## [Required work]
A line belongs in the answer if it contains "Women"; copy every such line from the entries below.

((

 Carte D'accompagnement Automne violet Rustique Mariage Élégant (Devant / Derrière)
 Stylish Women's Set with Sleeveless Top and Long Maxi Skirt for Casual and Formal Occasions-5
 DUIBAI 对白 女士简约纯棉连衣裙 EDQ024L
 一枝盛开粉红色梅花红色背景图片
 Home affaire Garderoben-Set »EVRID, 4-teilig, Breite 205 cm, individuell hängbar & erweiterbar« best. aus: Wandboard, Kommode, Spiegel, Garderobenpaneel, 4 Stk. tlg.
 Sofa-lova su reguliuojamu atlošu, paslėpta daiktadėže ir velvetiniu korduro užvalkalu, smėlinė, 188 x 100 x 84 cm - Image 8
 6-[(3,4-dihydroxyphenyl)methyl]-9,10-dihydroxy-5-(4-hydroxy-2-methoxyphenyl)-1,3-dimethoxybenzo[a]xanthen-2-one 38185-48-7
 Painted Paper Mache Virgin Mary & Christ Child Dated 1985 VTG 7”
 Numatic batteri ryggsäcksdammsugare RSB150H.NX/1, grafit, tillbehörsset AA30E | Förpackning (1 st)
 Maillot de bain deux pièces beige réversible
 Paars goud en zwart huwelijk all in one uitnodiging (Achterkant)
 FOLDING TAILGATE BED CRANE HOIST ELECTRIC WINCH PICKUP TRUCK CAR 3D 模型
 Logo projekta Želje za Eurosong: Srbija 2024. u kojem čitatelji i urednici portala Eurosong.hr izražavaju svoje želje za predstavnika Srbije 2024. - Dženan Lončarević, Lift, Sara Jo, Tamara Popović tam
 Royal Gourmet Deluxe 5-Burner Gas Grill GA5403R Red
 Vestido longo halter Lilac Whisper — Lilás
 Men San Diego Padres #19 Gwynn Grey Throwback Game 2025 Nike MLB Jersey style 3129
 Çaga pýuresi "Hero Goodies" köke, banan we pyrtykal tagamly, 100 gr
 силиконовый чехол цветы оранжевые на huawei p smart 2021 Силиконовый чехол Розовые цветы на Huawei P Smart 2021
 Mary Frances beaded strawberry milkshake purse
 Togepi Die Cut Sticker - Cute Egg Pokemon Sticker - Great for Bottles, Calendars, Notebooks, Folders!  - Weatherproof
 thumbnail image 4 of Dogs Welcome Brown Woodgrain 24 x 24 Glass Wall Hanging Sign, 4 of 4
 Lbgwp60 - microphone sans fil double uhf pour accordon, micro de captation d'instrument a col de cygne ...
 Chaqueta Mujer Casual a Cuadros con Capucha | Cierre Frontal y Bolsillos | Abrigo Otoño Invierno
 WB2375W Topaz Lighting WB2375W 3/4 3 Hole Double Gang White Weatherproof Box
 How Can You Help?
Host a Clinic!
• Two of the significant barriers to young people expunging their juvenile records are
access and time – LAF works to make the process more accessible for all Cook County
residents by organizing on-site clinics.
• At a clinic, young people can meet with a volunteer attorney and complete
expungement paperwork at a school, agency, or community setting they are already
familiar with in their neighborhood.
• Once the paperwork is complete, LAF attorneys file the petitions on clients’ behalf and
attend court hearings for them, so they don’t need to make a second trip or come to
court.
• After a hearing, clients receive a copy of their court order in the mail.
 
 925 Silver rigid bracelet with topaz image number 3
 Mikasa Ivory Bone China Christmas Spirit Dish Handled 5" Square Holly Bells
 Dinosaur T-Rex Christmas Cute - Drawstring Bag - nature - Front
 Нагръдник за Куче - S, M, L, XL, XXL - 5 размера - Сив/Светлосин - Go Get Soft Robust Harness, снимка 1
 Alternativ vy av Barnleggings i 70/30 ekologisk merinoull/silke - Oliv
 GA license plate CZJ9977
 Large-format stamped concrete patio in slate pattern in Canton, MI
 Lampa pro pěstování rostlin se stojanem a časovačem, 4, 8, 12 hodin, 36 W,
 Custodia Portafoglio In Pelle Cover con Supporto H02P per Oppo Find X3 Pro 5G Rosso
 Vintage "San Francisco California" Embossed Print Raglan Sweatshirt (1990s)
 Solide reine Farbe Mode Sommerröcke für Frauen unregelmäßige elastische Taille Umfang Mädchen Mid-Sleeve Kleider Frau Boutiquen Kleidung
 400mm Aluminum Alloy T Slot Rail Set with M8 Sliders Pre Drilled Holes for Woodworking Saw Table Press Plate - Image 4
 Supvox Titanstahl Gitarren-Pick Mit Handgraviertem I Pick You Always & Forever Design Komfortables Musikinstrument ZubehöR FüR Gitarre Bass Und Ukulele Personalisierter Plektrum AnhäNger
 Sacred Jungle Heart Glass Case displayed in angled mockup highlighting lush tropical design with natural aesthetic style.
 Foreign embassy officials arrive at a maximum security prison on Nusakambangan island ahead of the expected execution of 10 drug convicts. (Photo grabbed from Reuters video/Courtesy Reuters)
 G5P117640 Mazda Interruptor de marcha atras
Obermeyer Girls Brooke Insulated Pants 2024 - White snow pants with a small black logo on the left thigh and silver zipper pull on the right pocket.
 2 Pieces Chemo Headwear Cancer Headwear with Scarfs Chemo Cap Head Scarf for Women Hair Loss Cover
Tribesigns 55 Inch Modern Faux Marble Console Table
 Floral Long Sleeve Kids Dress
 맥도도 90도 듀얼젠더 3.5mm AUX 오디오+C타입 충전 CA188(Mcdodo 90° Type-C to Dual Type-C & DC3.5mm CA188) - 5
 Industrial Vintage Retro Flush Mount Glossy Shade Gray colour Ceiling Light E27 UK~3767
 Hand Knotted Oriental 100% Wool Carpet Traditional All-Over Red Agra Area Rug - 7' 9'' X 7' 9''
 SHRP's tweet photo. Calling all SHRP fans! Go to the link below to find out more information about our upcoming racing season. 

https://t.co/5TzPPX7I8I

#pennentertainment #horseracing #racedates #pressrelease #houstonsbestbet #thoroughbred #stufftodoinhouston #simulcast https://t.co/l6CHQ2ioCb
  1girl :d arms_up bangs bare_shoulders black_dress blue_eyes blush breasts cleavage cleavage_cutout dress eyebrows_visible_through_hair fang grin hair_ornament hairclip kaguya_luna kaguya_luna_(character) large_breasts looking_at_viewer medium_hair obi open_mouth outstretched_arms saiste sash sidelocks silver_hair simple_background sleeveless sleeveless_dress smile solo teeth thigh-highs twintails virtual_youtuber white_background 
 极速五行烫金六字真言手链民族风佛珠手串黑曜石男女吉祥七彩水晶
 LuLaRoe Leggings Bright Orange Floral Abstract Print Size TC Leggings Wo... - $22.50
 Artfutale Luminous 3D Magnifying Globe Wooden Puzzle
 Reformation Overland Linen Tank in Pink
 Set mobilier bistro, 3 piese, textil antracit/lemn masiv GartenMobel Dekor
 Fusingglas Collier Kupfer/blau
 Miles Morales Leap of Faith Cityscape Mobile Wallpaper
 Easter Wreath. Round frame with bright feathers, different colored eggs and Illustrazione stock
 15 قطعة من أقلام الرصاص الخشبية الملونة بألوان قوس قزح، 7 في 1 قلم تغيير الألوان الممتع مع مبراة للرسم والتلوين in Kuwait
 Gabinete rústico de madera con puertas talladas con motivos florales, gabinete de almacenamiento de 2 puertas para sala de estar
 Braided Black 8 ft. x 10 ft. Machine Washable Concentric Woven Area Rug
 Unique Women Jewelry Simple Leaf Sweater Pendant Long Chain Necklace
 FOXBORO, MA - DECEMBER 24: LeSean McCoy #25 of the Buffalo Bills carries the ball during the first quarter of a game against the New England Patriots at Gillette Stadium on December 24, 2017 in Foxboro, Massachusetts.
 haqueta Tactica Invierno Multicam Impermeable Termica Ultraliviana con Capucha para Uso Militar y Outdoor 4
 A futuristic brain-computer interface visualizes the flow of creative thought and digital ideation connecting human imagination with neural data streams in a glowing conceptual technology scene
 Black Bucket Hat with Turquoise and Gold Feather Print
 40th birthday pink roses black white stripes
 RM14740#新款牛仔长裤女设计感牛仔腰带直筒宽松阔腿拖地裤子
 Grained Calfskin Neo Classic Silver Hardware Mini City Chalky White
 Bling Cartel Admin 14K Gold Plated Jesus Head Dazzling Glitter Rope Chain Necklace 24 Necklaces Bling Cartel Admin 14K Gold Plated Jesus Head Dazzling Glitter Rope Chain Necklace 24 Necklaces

))

## [Answer below]
 Stylish Women's Set with Sleeveless Top and Long Maxi Skirt for Casual and Formal Occasions-5
 2 Pieces Chemo Headwear Cancer Headwear with Scarfs Chemo Cap Head Scarf for Women Hair Loss Cover
 Unique Women Jewelry Simple Leaf Sweater Pendant Long Chain Necklace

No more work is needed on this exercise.